A stock certificate is a piece of paper issued by a company to shareholders as proof of ownership of a share of the company.
What Is a Stock Certificate?
The stock certificate is a physical proof of a holder's stock ownership. It includes essential information such as:
- The shareholder's name
- The date the shares were issued
- The number of shares issued
- The type of stock owned
- A unique certificate identification number (CUSIP)
- A signature of the person with the authority to issue the certificate
Each certificate is embossed with a corporate seal.
Stock certificates are typically printed on specially prepared paper with intricate designs, much like our paper currency, to make it difficult to replicate or counterfeit. Stock certificates issued by some companies were considered works of art, often adorned with elaborate designs and ornate engravings as part of their branding. That's why some people frame their certificates and display them prominently in their homes or offices.
For example, stock certificates issued by the Disney Corporation included full-color depictions of their famous characters, making them suitable for framing and displaying in their children's rooms.
How Stock Certificates Are Used
The primary use of stock certificates was to represent an investor's share of ownership in a company. Before the electronic age, they were the only proof of ownership an investor had. When investors wanted to sell their stock, they would have to turn in their stock certificate to a broker who would then send it back to the company.
Since issuing stock certificates was replaced by electronic recordkeeping, there is no longer a practical use for them. These days old certificates are sometimes kept as a memento or collectible. Rare stock certificates can have significant value among people who collect old stock certificates.
If you do come across a stock certificate from a company that is still in business, you can check to see which state the company was incorporated in, and then inquire whether the company still conducts business there. You can then contact the company's transfer agent for instructions on how to register the stock in your name. Once in your name, you can sell the stock through a broker or the transfer agent.
Tip: Although companies no longer regularly issue stock certificates, old certificates may still have value, even if the company has merged or been acquired.
The History of Stock Certificates
The first known stock certificate was issued in 1606 by the East India Company to finance its commercial trading operations. The trading of stocks dates back to at least 1602, when the Amsterdam Stock Exchange was created to trade stocks issued by the Dutch East India Company. Large shareholders of East India Company stock certificates became very wealthy-on paper. But, when the company's business practices came into question, the certificates became worthless. As a result, the British government banned the issuing of shares until 1825.

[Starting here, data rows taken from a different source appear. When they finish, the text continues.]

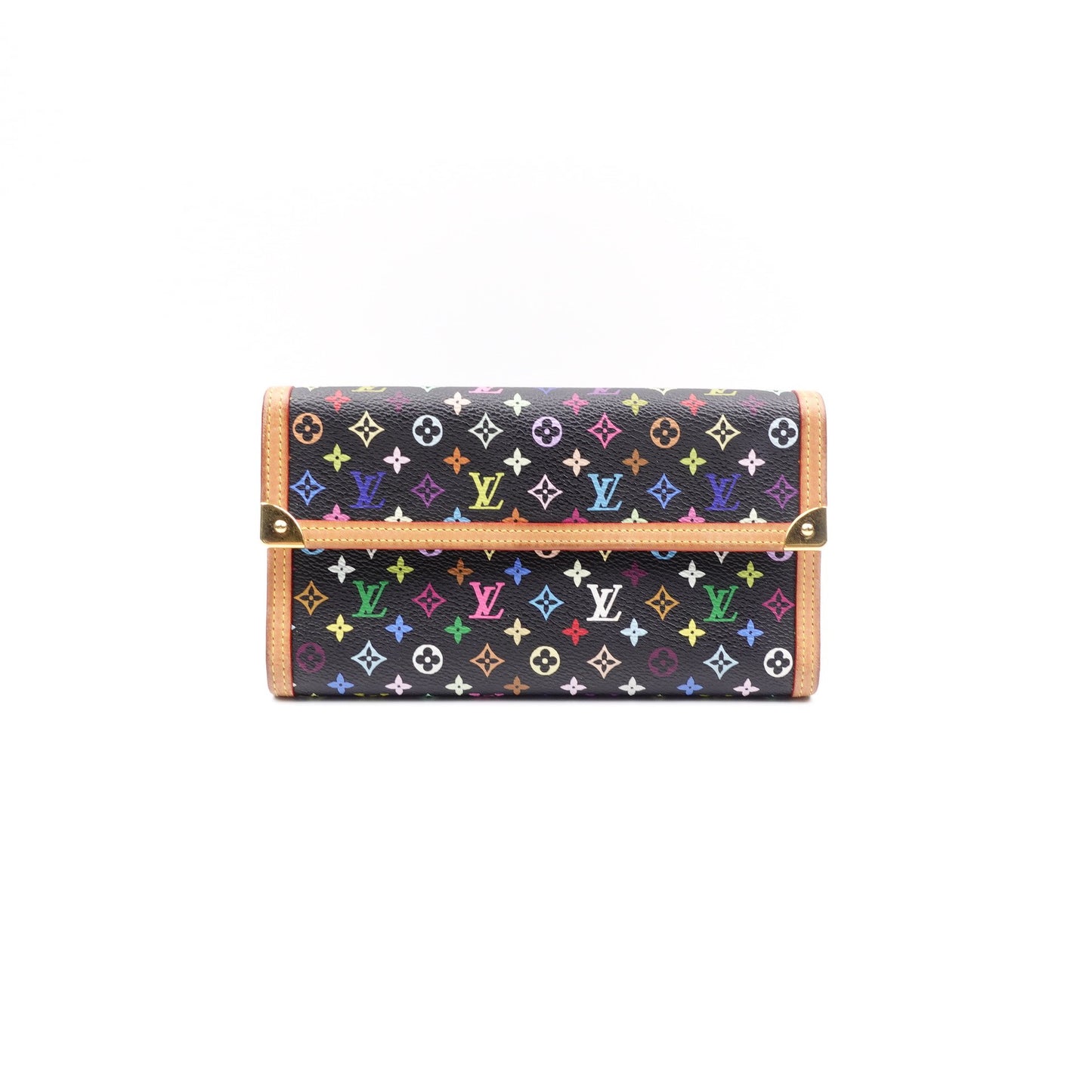 Pre-owned Louis Vuitton Murakami Porte Monnaie Bie Cult Black Coated Canvas Long Wallet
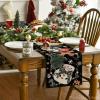 Artoid Mode Snowman Gingerbread Xmas Pine Merry Christmas Table Runner, Seasonal Winter Kitchen Dining Table Decoration for Home Party Decor 13×72 Inch(Black)
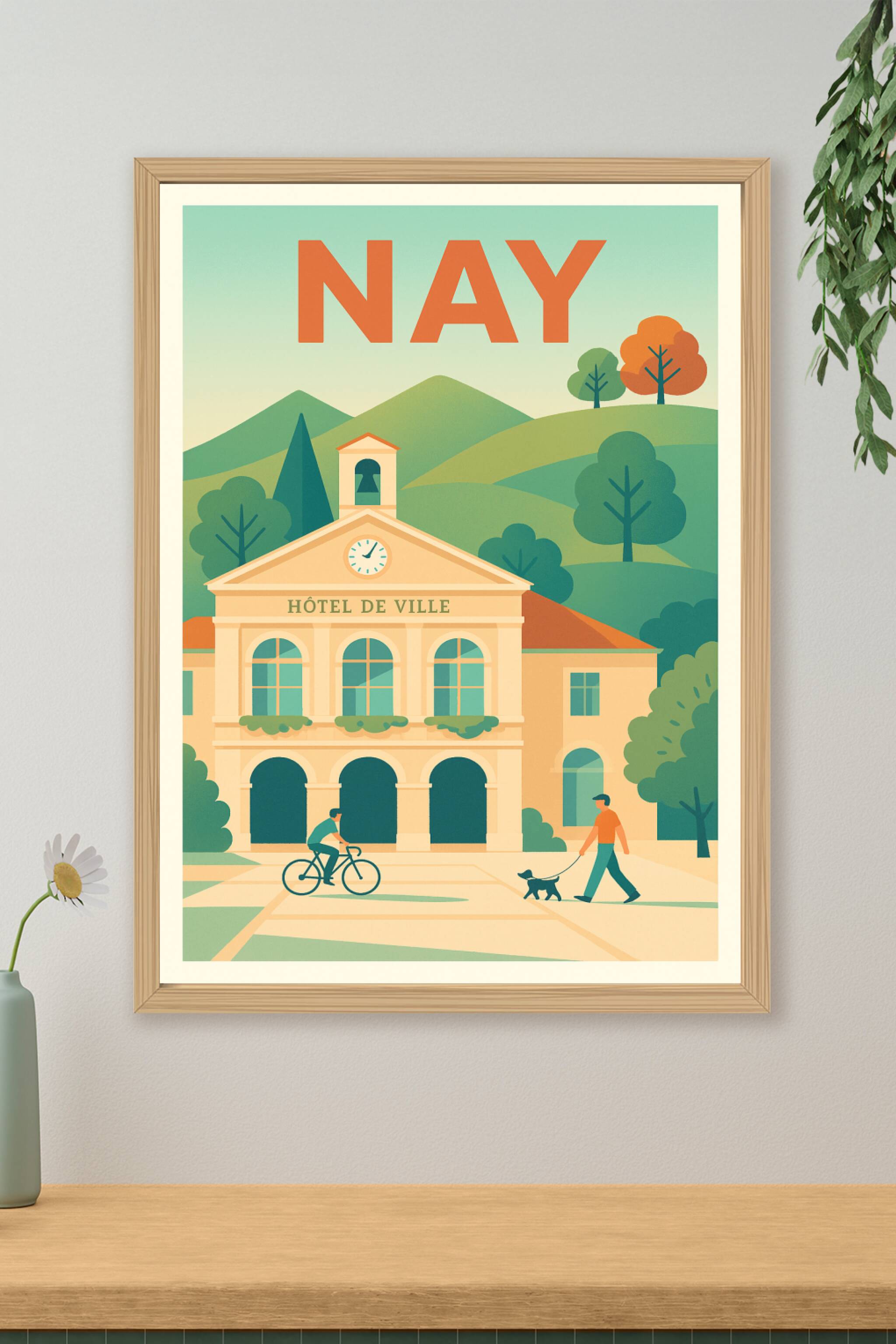 Affiche de Nay - Charme et sérénité de la ville historique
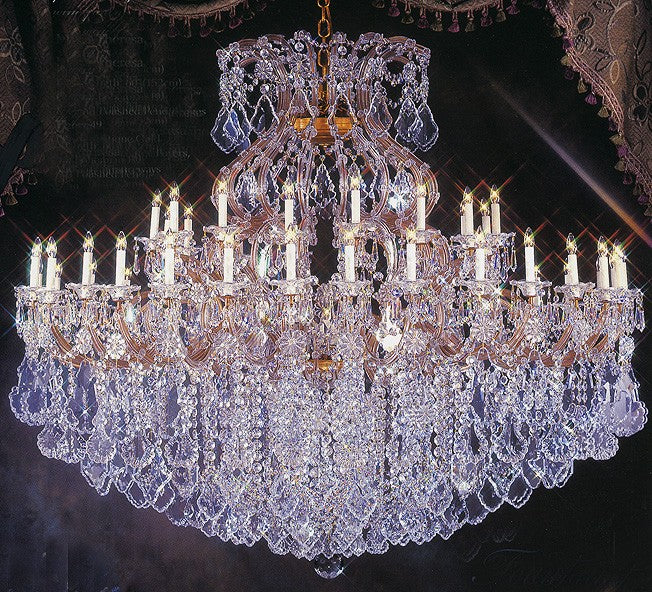 Gold plated Maria Theresa chandelier dressed with chinese number one crystal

The exchange of shares of stock became prevalent with the creation of the New York Stock Exchange (NYSE) in 1792, which is now the largest and most influential stock exchange in the world. The issuing of stock certificates reached an apex during the frenzied trading right before the Stock Market Crash of 1929. Following the crash, more than 40% of the paper value of common stock evaporated, and large numbers of companies went out of business during the crash and the ensuing Great Depression. During that period, a common use of stock certificates issued by defunct companies was as wallpaper, often covering entire walls of a former shareholder's home.
One of the last issued paper stock certificates was from the Walt Disney Company in 2013, even though electronic-entry systems replaced stock certificates in the 1990s.
Physical vs. Electronic Stock Certificates
Today, few companies issue paper stock certificates, relying instead on electronic book-entry methods to record and track stock ownership. When shares of stocks are purchased, there is no physical exchange of securities. Instead, an accounting entry is made by the financial institution handling the purchases or sales of securities on behalf of investors. The securities can be registered in "street name," which is the name of the brokerage firm holding the security for you in book-entry form. Or it can be registered directly with the issuing company. All parties, including the company issuing the shares, the financial institutions, and investors, benefit from this streamlined process because it's more efficient, safer, and less costly.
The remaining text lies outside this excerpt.